• ASSIGNED TASK
Once the line holding "Building Photo - 9820 Grapevine Leaf Dr" is found in the entries below, transcribe exactly every line up to and including the one holding "Iphone 11pro 5", but leave out the pictures.

• DATA RECORDS
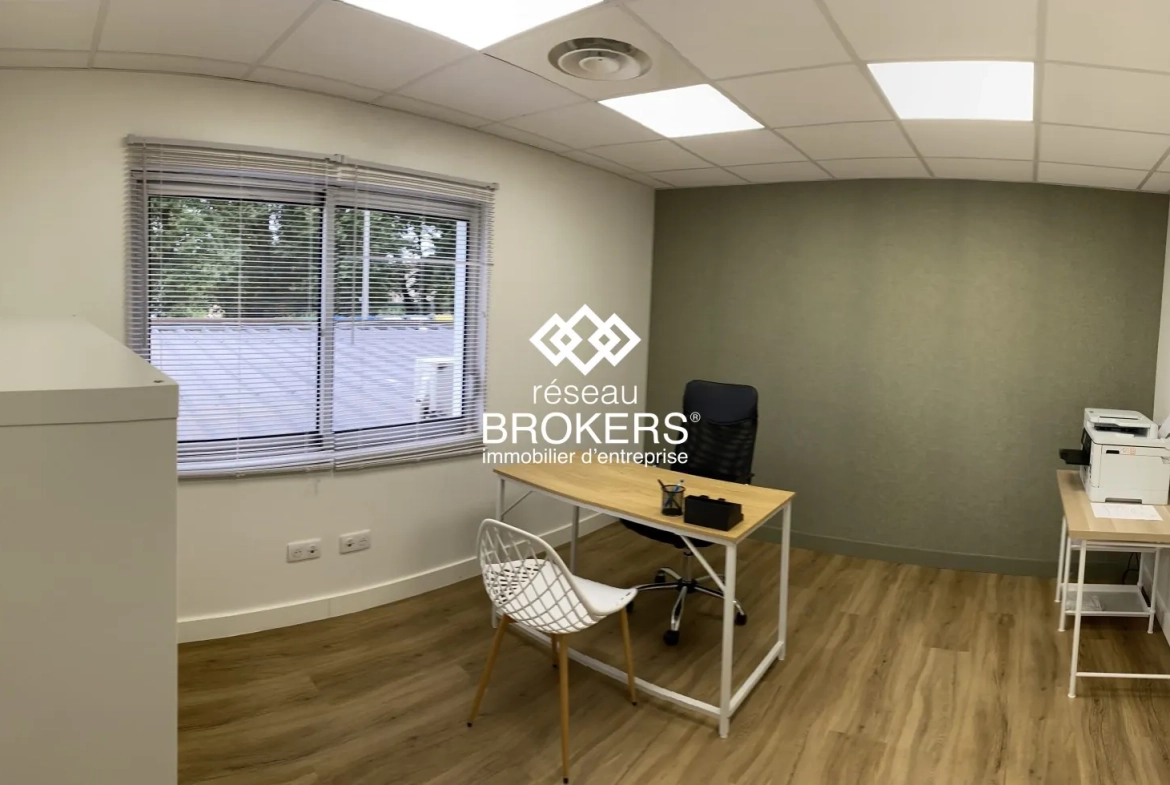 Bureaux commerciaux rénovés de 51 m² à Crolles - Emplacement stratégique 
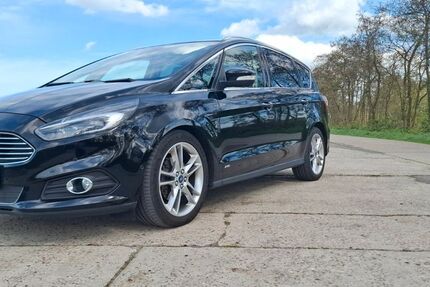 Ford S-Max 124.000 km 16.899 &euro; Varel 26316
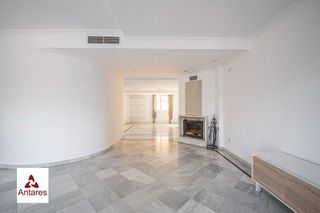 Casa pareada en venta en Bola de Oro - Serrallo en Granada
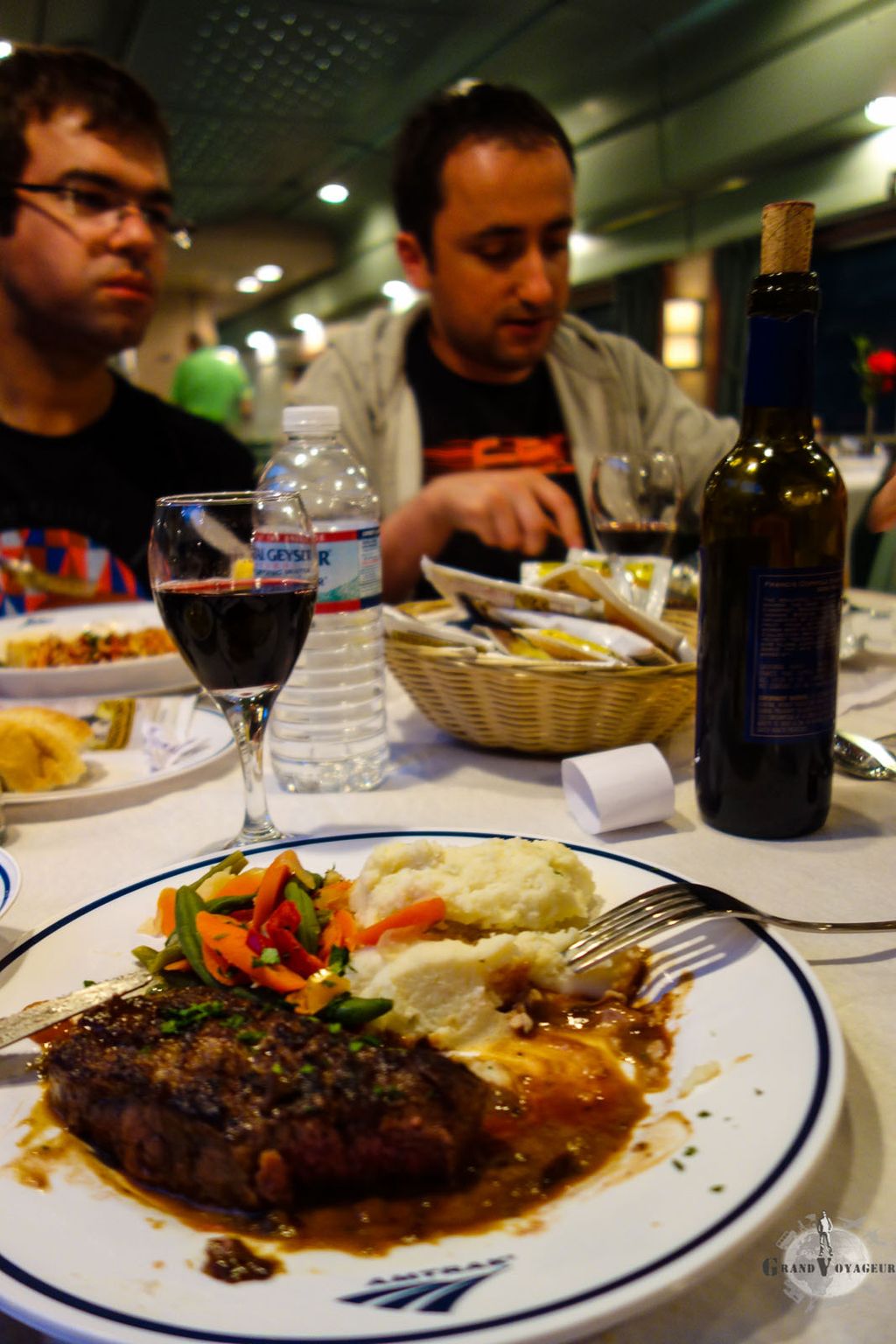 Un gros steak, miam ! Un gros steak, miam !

--

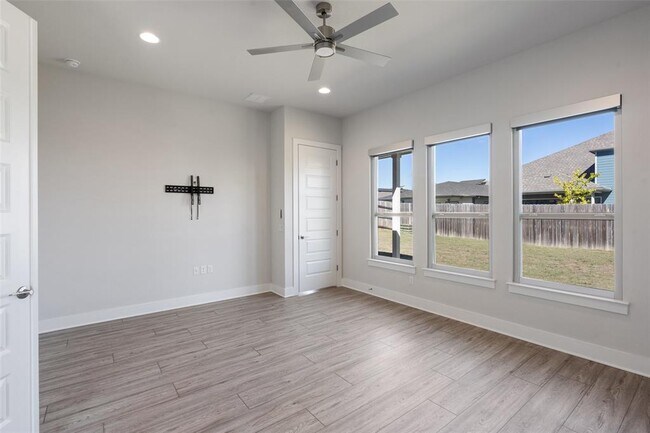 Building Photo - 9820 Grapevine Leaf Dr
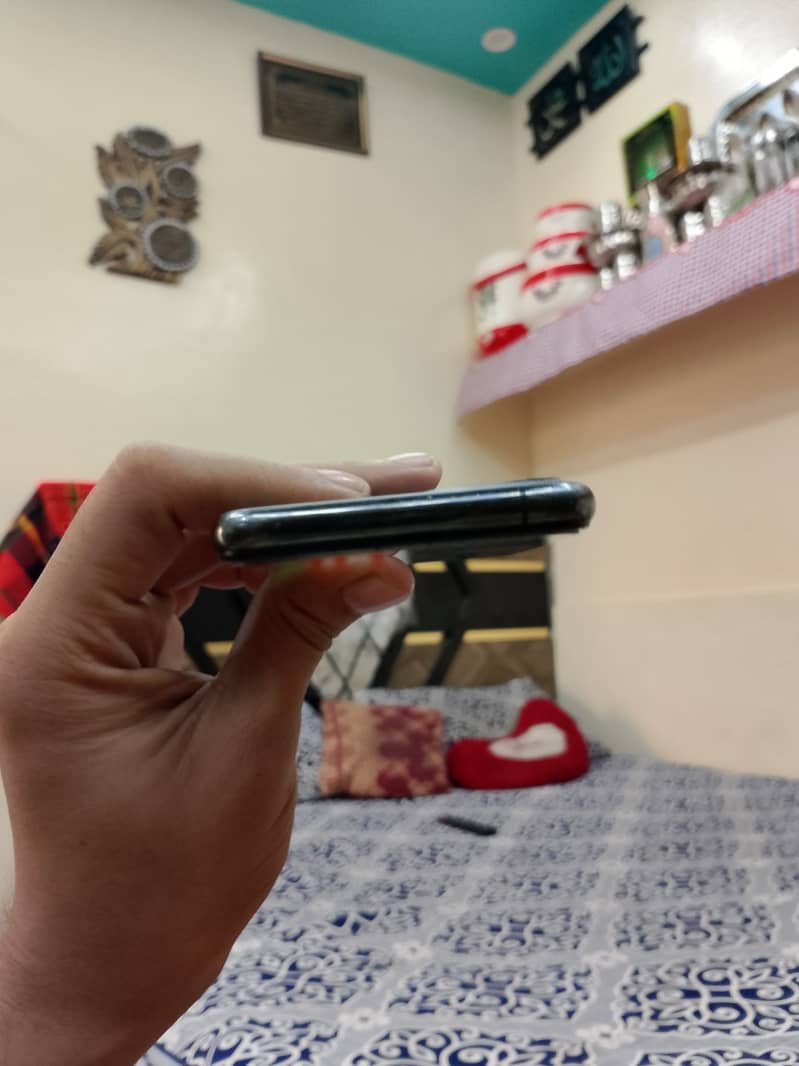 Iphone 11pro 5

==

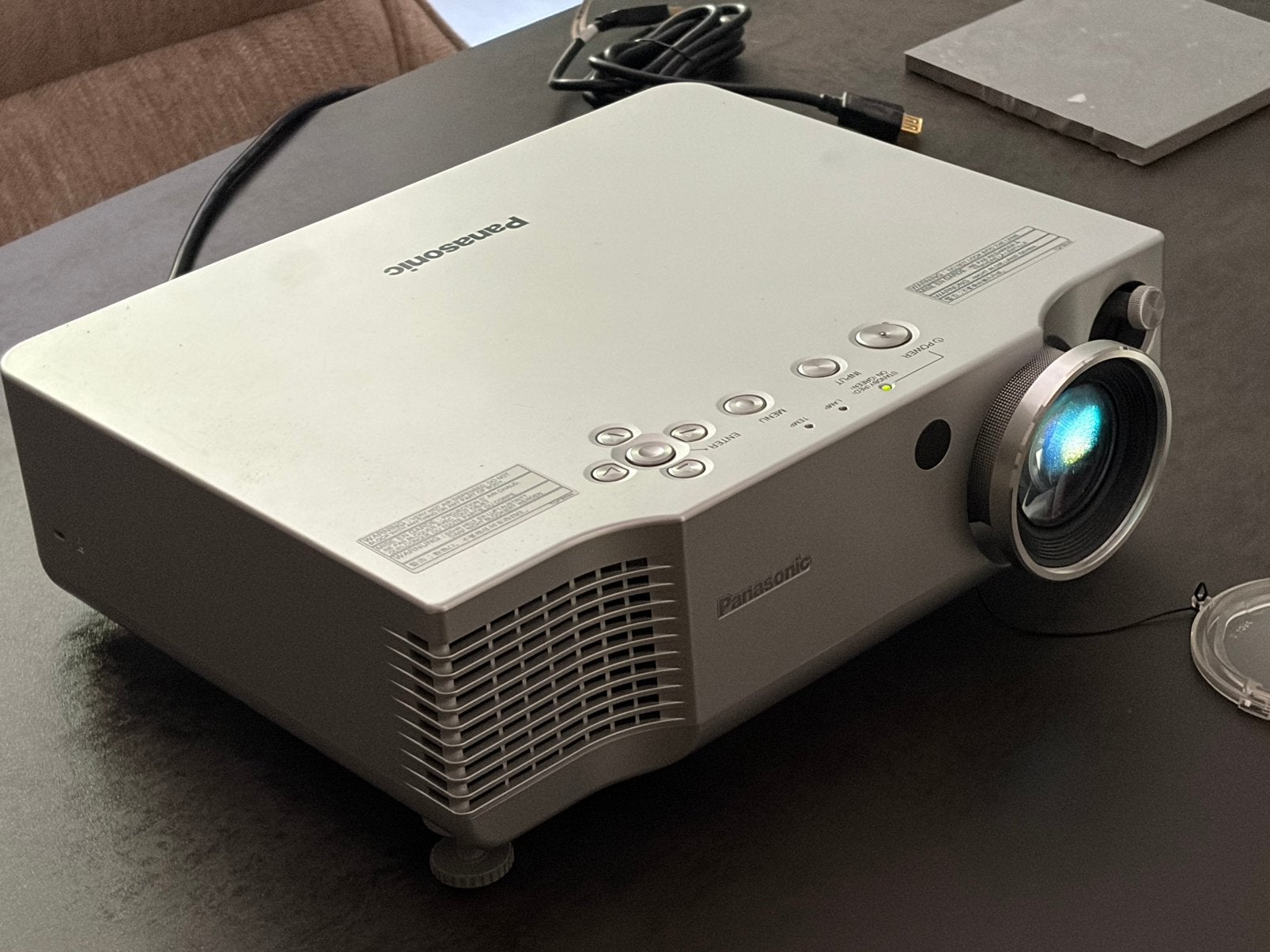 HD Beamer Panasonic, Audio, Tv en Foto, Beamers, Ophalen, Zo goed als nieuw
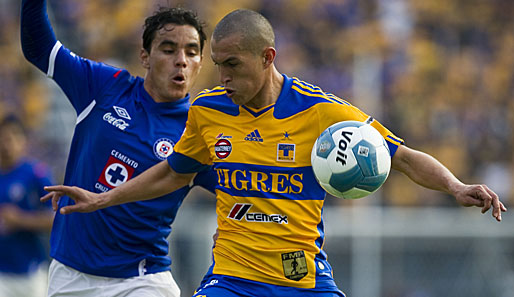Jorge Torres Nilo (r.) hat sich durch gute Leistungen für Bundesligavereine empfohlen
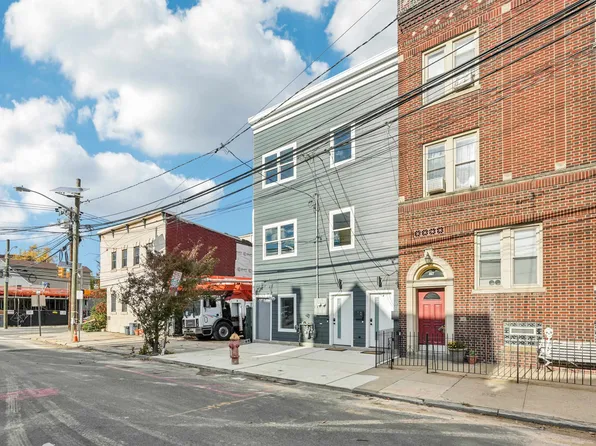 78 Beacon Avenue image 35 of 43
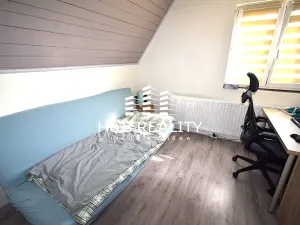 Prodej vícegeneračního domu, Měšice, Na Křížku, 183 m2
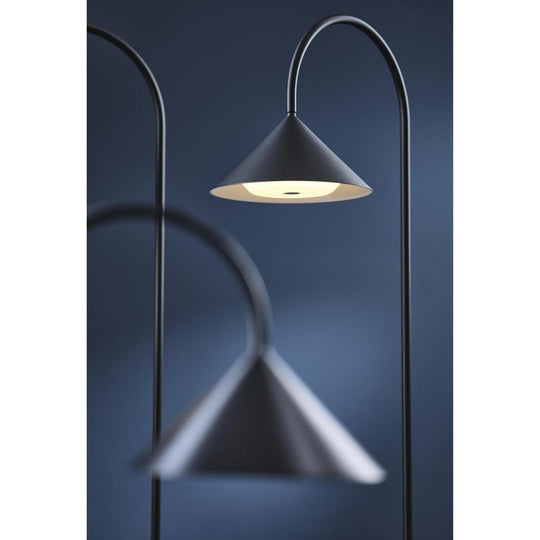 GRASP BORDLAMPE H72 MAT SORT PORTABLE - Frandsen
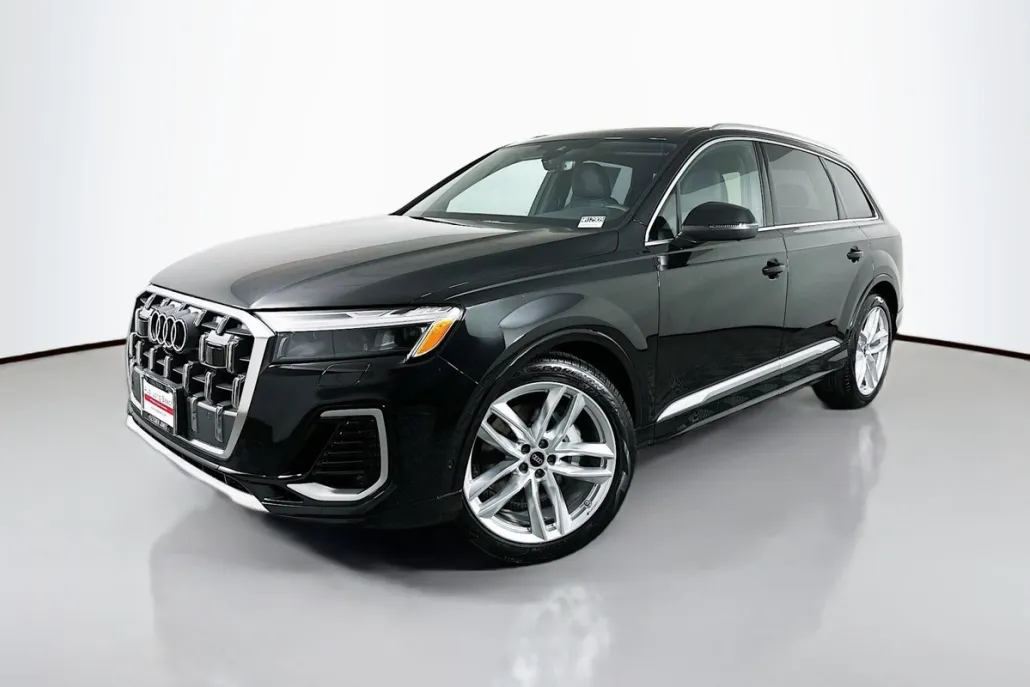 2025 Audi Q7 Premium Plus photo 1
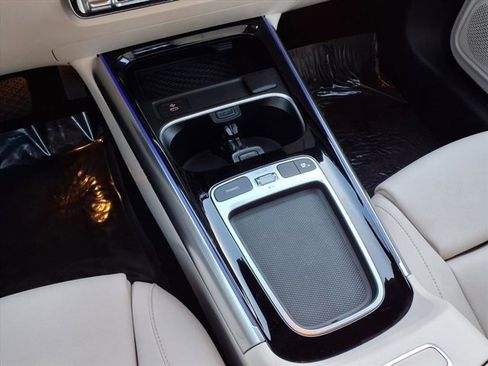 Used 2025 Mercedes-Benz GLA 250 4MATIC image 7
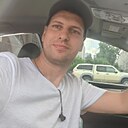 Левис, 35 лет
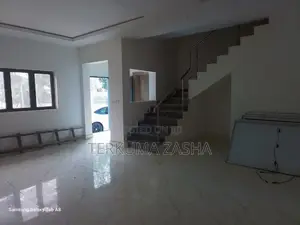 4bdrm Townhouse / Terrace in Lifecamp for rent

• RESULT FOR THIS EXERCISE
 Building Photo - 9820 Grapevine Leaf Dr
 Iphone 11pro 5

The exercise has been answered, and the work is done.